# badly faded ford ka bumpers/trim



## primo (Feb 3, 2012)

What would you recommend for binging these back from the dead! looking for something like c4 but for bigger areas .cheers


----------



## ABC Detailing (Jun 29, 2010)

AG Bumper Gel does the job for me but I'm sure there is better for more money.


----------



## justina3 (Jan 11, 2008)

af gel works well and lasts


----------



## [email protected] (Apr 28, 2011)

Heat gun


----------



## Pookini (Jan 19, 2011)

heat gun and then use to trim restorer to even it out as the heat gun will make it a bit patchy!


----------



## bero1306 (Jan 24, 2011)

AS Trim Ultra is very good and lasts. Needs 4 hours to cure though. Also Wolfs Black Out.


----------



## The Cueball (Feb 8, 2007)

heat gun or hair dryer

:thumb:


----------



## Maurice100 (Mar 2, 2012)

In the past we have used AG black dye, works a treat but you will need to mask off your paintwork and wheels.


----------



## Alan H (Jun 28, 2009)

I treated my wife's Ka bumpers with Dodo Juice Fantastic Plastic...



















Some slight patchiness on the first application, but as I've re-applied when I've cleaned her car it has evened out the patchiness and leaves a nice natural, non-oily finish.


----------



## james_death (Aug 9, 2010)

Heat gun/ hairdryer...

Then keep them protected from fading with regular coating.


----------



## Summit Detailing (Oct 9, 2006)

heat gun, nut oil...and a fair amount of time & patience:thumb:


----------



## fatdazza (Dec 29, 2010)

I am amazed that no one has mentioned C4. Expensive, but so long lasting.

Oops - just re read the OP's post. Doh! Still think C4 is the answer though lol


----------



## **caz** (Apr 10, 2011)

I use meguiars trim detailer! It's about £8 and the bottle lasts forever! You only need the tiniest amount and it works wonders n lasts too! I am still on the original bottle which I've had for a loooong time!


----------



## craigblues (Jul 24, 2011)

A heat gun will only bring it back once. As it brings the oil out I believe.
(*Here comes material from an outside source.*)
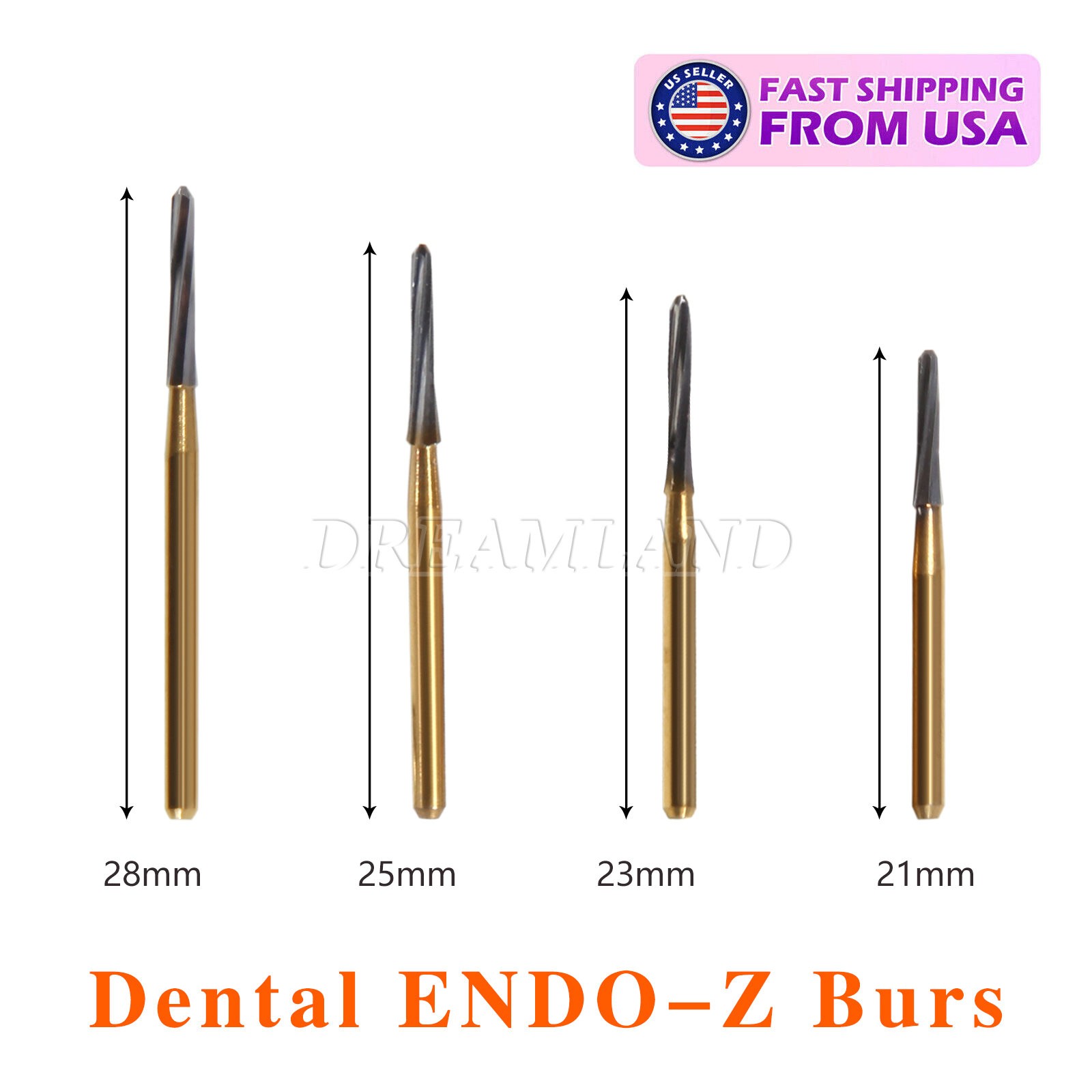 Dental Endo ENDO-Z Tungsten Carbide Burs FG Round Bur High Speed 21/25/28mm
Once it fades again it will not be able to come back with a heat gun/hairdryer again.

Better to just restore using a product gel of some form.


----------



## primo (Feb 3, 2012)

Cheers for the advice guys


----------



## james_death (Aug 9, 2010)

craigblues said:


> A heat gun will only bring it back once. As it brings the oil out I believe. Once it fades again it will not be able to come back with a heat gun/hairdryer again.
> 
> Better to just restore using a product gel of some form.


Thats still temporary.... you loose nothing by heat gun treatment as if you let it bleach again you use as you say a restore coating anyway, however if you restore it and keep it protected it will never fade again...:thumb:

Just the same with a faded red motor once you have the gloss back you need to keep it protected from the UV damage again.

The restoring coatings are just that a coating its hiding the fading not returning it back to original.


----------



## thehulk2002 (Mar 16, 2011)

I have both C4 a little goes a long way and lasts 2 years and I have AF Revive which is 8 pounds from polished bliss and its free delivery not like cleanyourcar where they charge you for any order unless its over 50 pound. So give AF Revive a go its got good durability as someone of here told me about it hope that's helped you fella


----------



## Sh00ter (Jun 11, 2006)

I had to do the daughters Ka a couple of months ago, ended up getting some Valet Pro Dionysus Trim Glitz - and can say its very good, she's back from Uni this weekend and I was surprised that it looks like it was done yesterday! 
The Glitz is dead easy to apply,and beads like crazy! Am well impressed with it


----------